Arlington, Texas, anno di grazia 2002. Tre fratelli congolesi, che di cognome fanno Mudiay, giocano a basket nel cortile dietro casa. Il più grande di loro si chiama Stephane, il secondogenito Jean-Michael e il più piccolo Emmanuel.
Se mai dovessero raccontarvi di quelle partite, le descriverebbero più come incontri di MMA che come sfide di pallacanestro. Contatti duri, sangue e sudore sono all’ordine del giorno e nessuno dei tre fratelli si lamenta, mai. Neanche il più piccolo. Emmanuel, infatti, dimostra da subito un talento smisurato, una grande etica del lavoro e un’immensa passione per la pallacanestro. A quanto dicono i fratelli maggiori, Emmanuel sin da piccolo vive per il basket, spinto dalla voglia di garantire a chi gli sta intorno un futuro migliore e di fuggire da un passato tormentato.

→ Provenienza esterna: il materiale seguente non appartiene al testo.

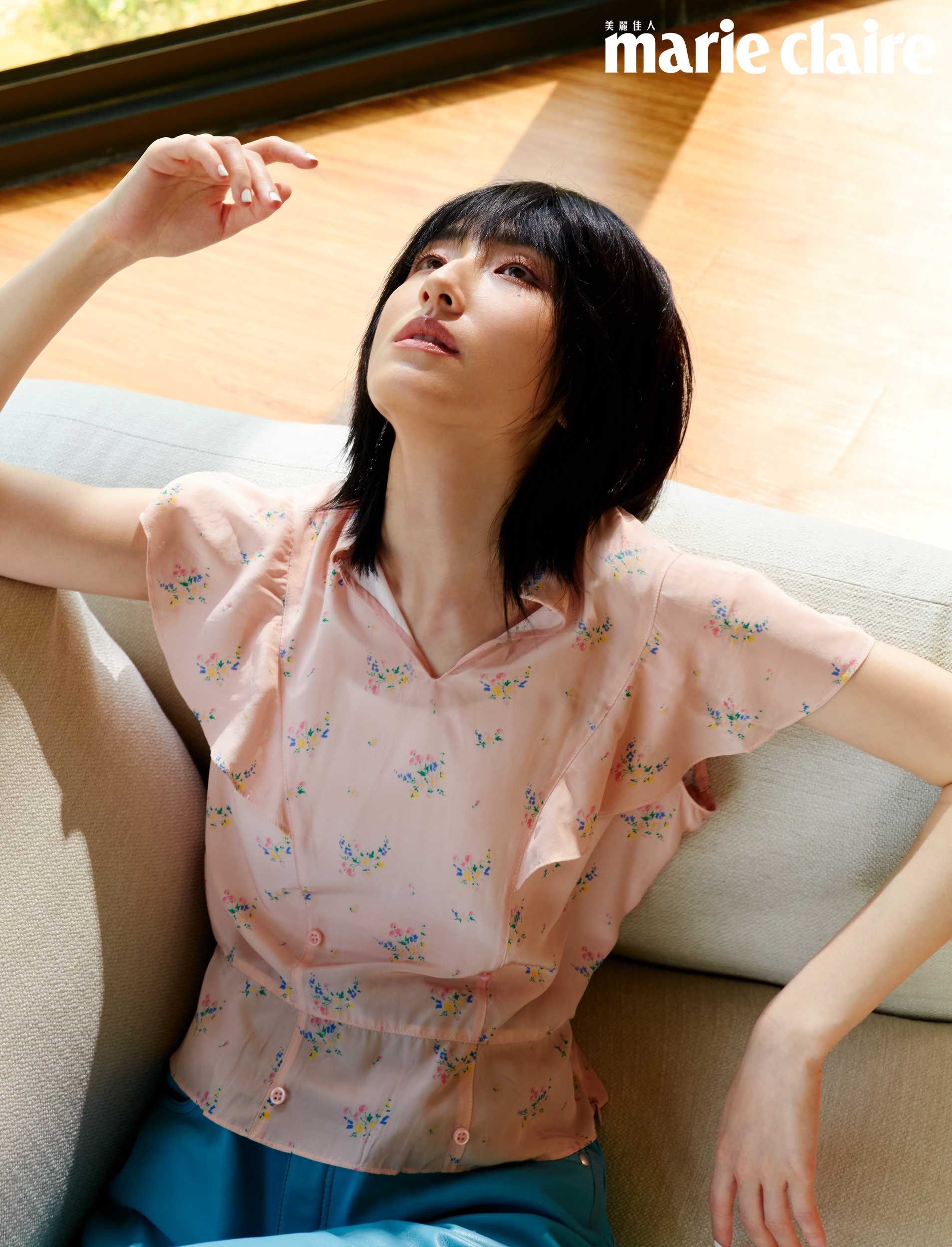 ▲▼  柯佳嬿   。（圖／《Marie Claire美麗佳人》國際中文版提供）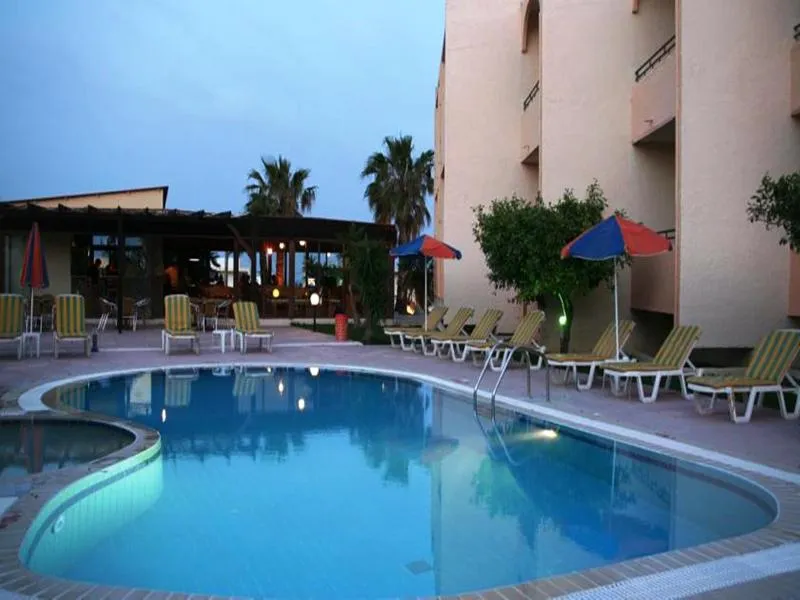 Pool, Sevastos Studios, Rhodes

Ma facciamo un passo indietro.
RADICI
Nata a Kinshasa, capitale dell’allora Zaire e attuale Congo, Theresa Kabeya si trasferisce in Canada all’inizio degli anni ’80 per frequentare una scuola di infermieristica all’Università di Montreal. In quel periodo conosce Jean-Paul Mudiay e tra i due scoppia l’amore. Dopo qualche anno vissuto nella francofona Montreal, nel 1987 la coppia decide di tornare a Kinshasa per sposarsi e mettere su famiglia. Mentre Jean-Paul trova presto lavoro come direttore del marketing per una compagnia di trasporto statale, Theresa si concentra sull’educazione dei tre figli, nati intanto tra il 1989 e il 1996.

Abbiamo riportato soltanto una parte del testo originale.